Reputation: 307
I have an xml file which contains text like this :
<text top="84" left="97" width="737" height="32" font="0">SmartFS-A Serverless Distributed File System for</text>
<text top="126" left="371" width="187" height="32" font="0">Smartphones</text>
<text top="217" left="253" width="424" height="15" font="1">Sonali Batra,Vijay Raghunathan and Mithun Kumar Rajendran</text>
<text top="237" left="325" width="281" height="13" font="2">School of Computer Science and Engineering</text>
I am trying to extract the first line using a regular expression as everything but font changes for each XML file. The Regex I am currently using but always returns a false is:
if (xml.matches("<text top=\"[0-9]*\" left=\"[0-9]*\" width=\"[0-9]*\" height=\"[0-9]*\" font=\"0\">"))

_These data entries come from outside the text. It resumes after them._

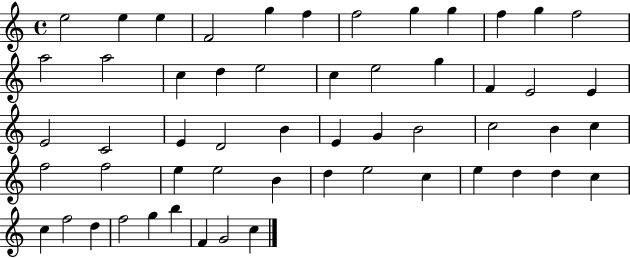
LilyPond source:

{
  \clef treble
  \time 4/4
  \defaultTimeSignature
  \key c \major
  e''2 e''4 e''4 | f'2 g''4 f''4 | f''2 g''4 g''4 | f''4 g''4 f''2 | \break a''2 a''2 | c''4 d''4 e''2 | c''4 e''2 g''4 | f'4 e'2 e'4 | \break e'2 c'2 | e'4 d'2 b'4 | e'4 g'4 b'2 | c''2 b'4 c''4 | \break f''2 f''2 | e''4 e''2 b'4 | d''4 e''2 c''4 | e''4 d''4 d''4 c''4 | \break c''4 f''2 d''4 | f''2 g''4 b''4 | f'4 g'2 c''4 | \bar "|."
}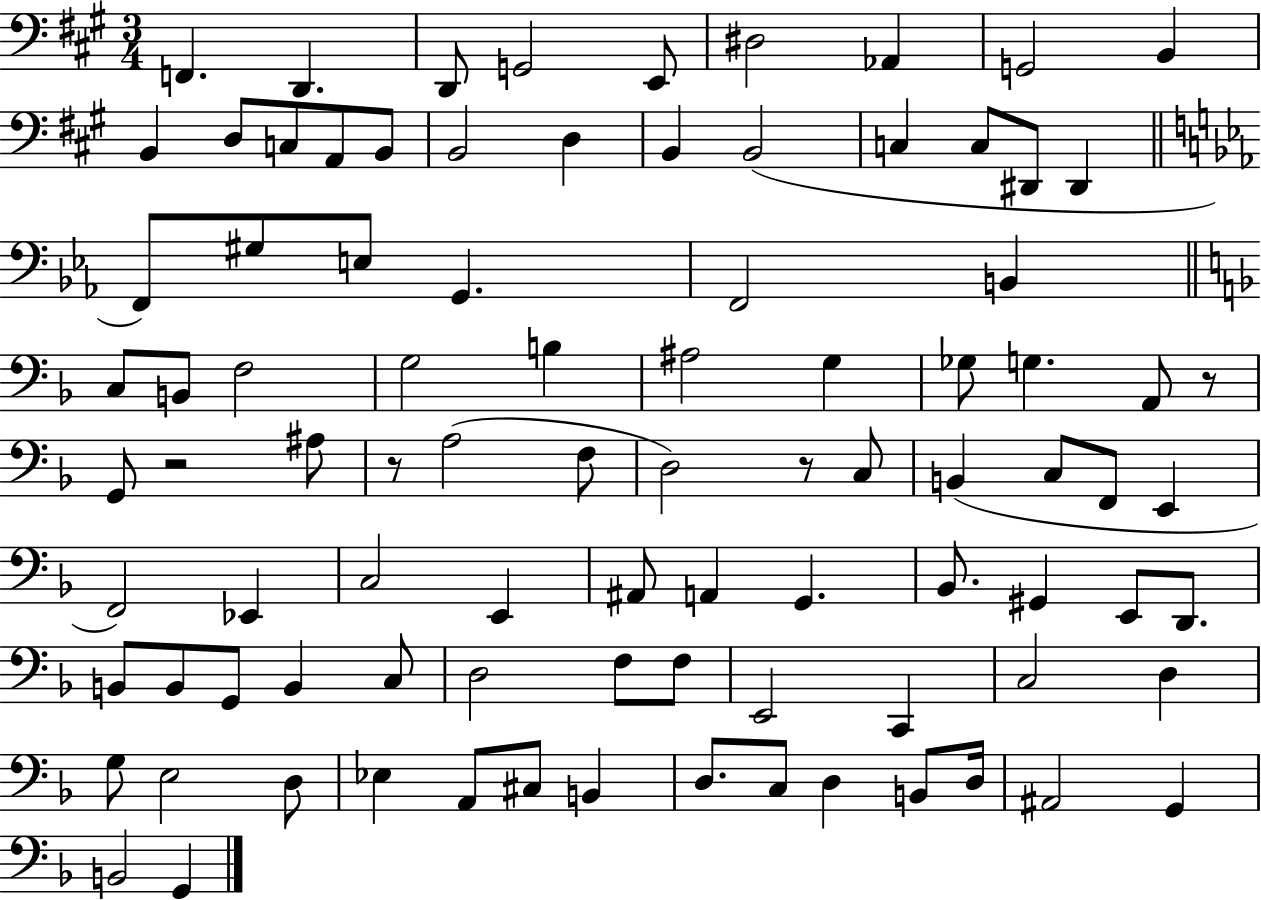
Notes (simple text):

F2/q. D2/q. D2/e G2/h E2/e D#3/h Ab2/q G2/h B2/q B2/q D3/e C3/e A2/e B2/e B2/h D3/q B2/q B2/h C3/q C3/e D#2/e D#2/q F2/e G#3/e E3/e G2/q. F2/h B2/q C3/e B2/e F3/h G3/h B3/q A#3/h G3/q Gb3/e G3/q. A2/e R/e G2/e R/h A#3/e R/e A3/h F3/e D3/h R/e C3/e B2/q C3/e F2/e E2/q F2/h Eb2/q C3/h E2/q A#2/e A2/q G2/q. Bb2/e. G#2/q E2/e D2/e. B2/e B2/e G2/e B2/q C3/e D3/h F3/e F3/e E2/h C2/q C3/h D3/q G3/e E3/h D3/e Eb3/q A2/e C#3/e B2/q D3/e. C3/e D3/q B2/e D3/s A#2/h G2/q B2/h G2/q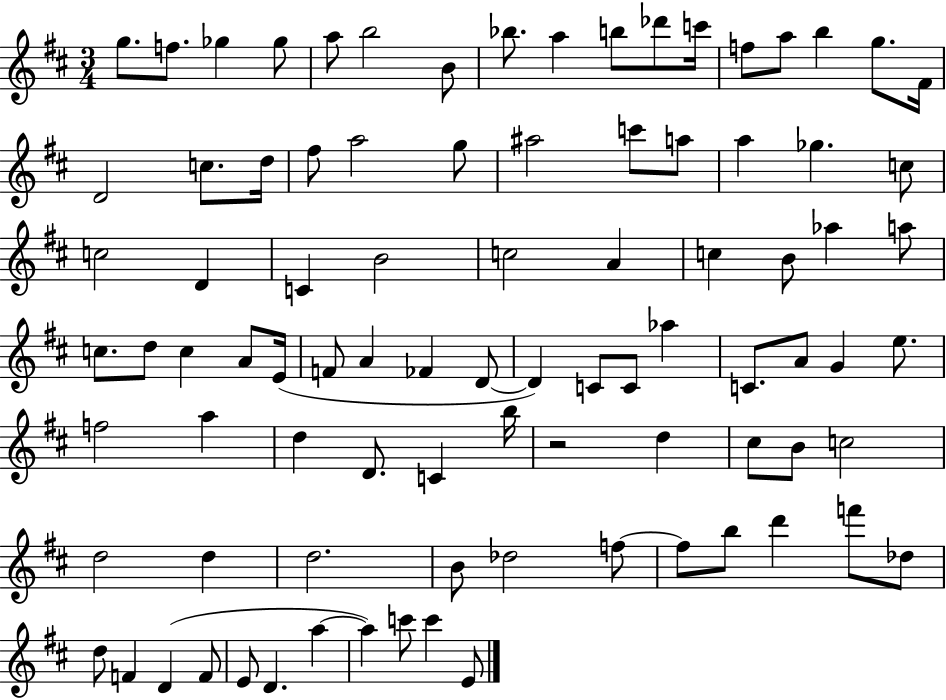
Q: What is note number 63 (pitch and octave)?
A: D5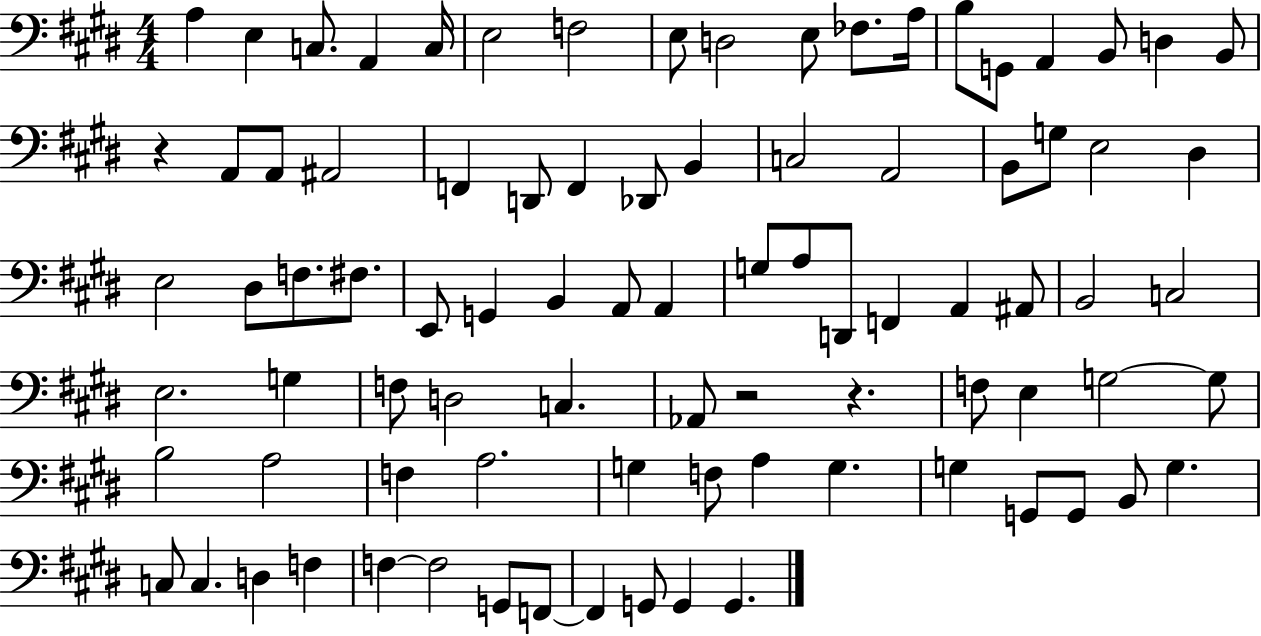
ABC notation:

X:1
T:Untitled
M:4/4
L:1/4
K:E
A, E, C,/2 A,, C,/4 E,2 F,2 E,/2 D,2 E,/2 _F,/2 A,/4 B,/2 G,,/2 A,, B,,/2 D, B,,/2 z A,,/2 A,,/2 ^A,,2 F,, D,,/2 F,, _D,,/2 B,, C,2 A,,2 B,,/2 G,/2 E,2 ^D, E,2 ^D,/2 F,/2 ^F,/2 E,,/2 G,, B,, A,,/2 A,, G,/2 A,/2 D,,/2 F,, A,, ^A,,/2 B,,2 C,2 E,2 G, F,/2 D,2 C, _A,,/2 z2 z F,/2 E, G,2 G,/2 B,2 A,2 F, A,2 G, F,/2 A, G, G, G,,/2 G,,/2 B,,/2 G, C,/2 C, D, F, F, F,2 G,,/2 F,,/2 F,, G,,/2 G,, G,,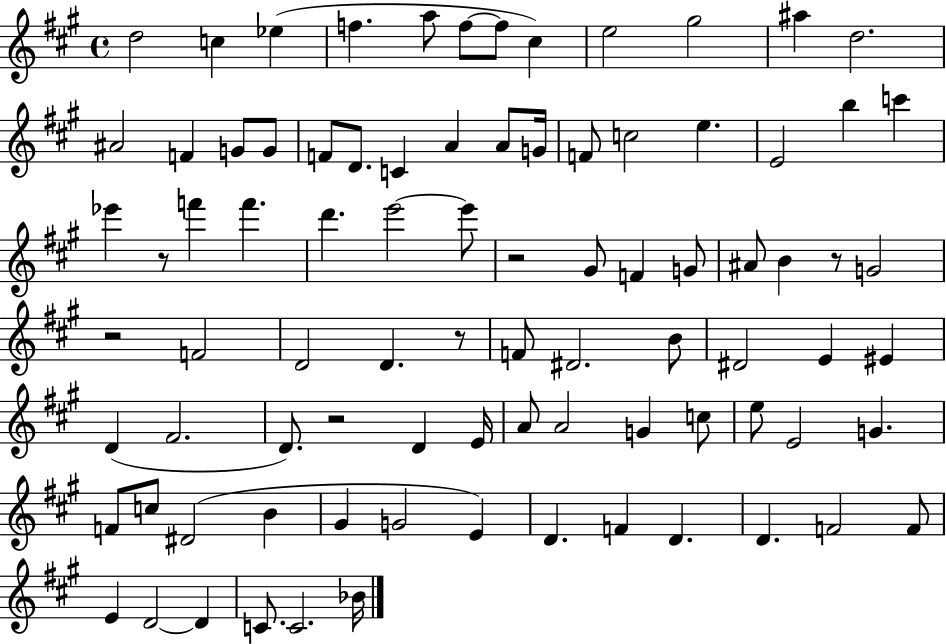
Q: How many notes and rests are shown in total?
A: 86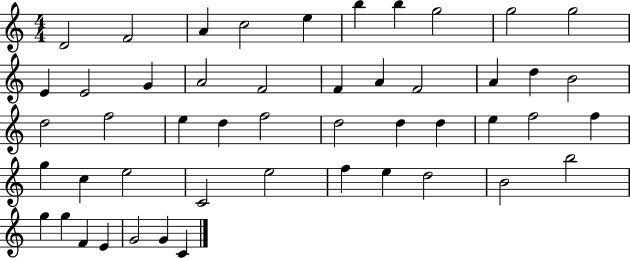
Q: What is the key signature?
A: C major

I have tested the expression in http://gskinner.com/RegExr/ and it detects the line.
Upvotes: 0
Views: 104
Reputation: 122394
If you want to parse XML then you should use an XML parser. Here is an example using the DOM and XPath support built in to Java (imports and exception handling omitted):
DocumentBuilderFactory dbf = DocumentBuilderFactory.newInstance();
dbf.setNamespaceAware(true);
DocumentBuilder builder = dbf.newDocumentBuilder();
// use parse(File) if you have the XML on disk rather than in a String
Document doc = builder.parse(new InputSource(new StringReader(xml)));
XPath xp = XPathFactory.newInstance().newXPath();
NodeList font0Texts = (NodeList)xp.evaluate("//text[@font = '0']", doc,
XPathConstants.NODESET);
Note that for this to work xml
must be well formed, in particular it must have a single root-level element. The example you give in the question is a document fragment, not a complete document, because it has more than one root-level element. If this is a real complete example then you'll need something a little more involved to parse it:
DocumentBuilderFactory dbf = DocumentBuilderFactory.newInstance();
dbf.setNamespaceAware(true);
DocumentBuilder builder = dbf.newDocumentBuilder();
Document doc = builder.newDocument();
DocumentFragment fragment = doc.createDocumentFragment();
LSInput input = ((DOMImplementationLS)doc.getImplementation()).createLSInput();
input.setStringData(xml);
LSParser parser = ((DOMImplementationLS)doc.getImplementation()).createLSParser(
LSParser.MODE_SYNCHRONOUS, null);
parser.parseWithContext(input, fragment, LSParser.ACTION_REPLACE_CHILDREN);
You can then use the fragment
to evaluate XPath expressions:
XPath xp = XPathFactory.newInstance().newXPath();
NodeList font0Texts = (NodeList)xp.evaluate("//text[@font = '0']", fragment,
XPathConstants.NODESET);
Upvotes: 1
Reputation: 32969
From what you are stating I suggest you use regex Matcher
String regex = "^<text top=\"[0-9]*\" left=\"[0-9]*\" width=\"[0-9]*\" "+
"height=\"[0-9]*\" font=\"0\">";
Pattern patter = Pattern.compile(regex);
Matcher matcher = pattern.matcher(xml);
if (matcher.find()){
...
}
This will result in true of your xml starts with the font element.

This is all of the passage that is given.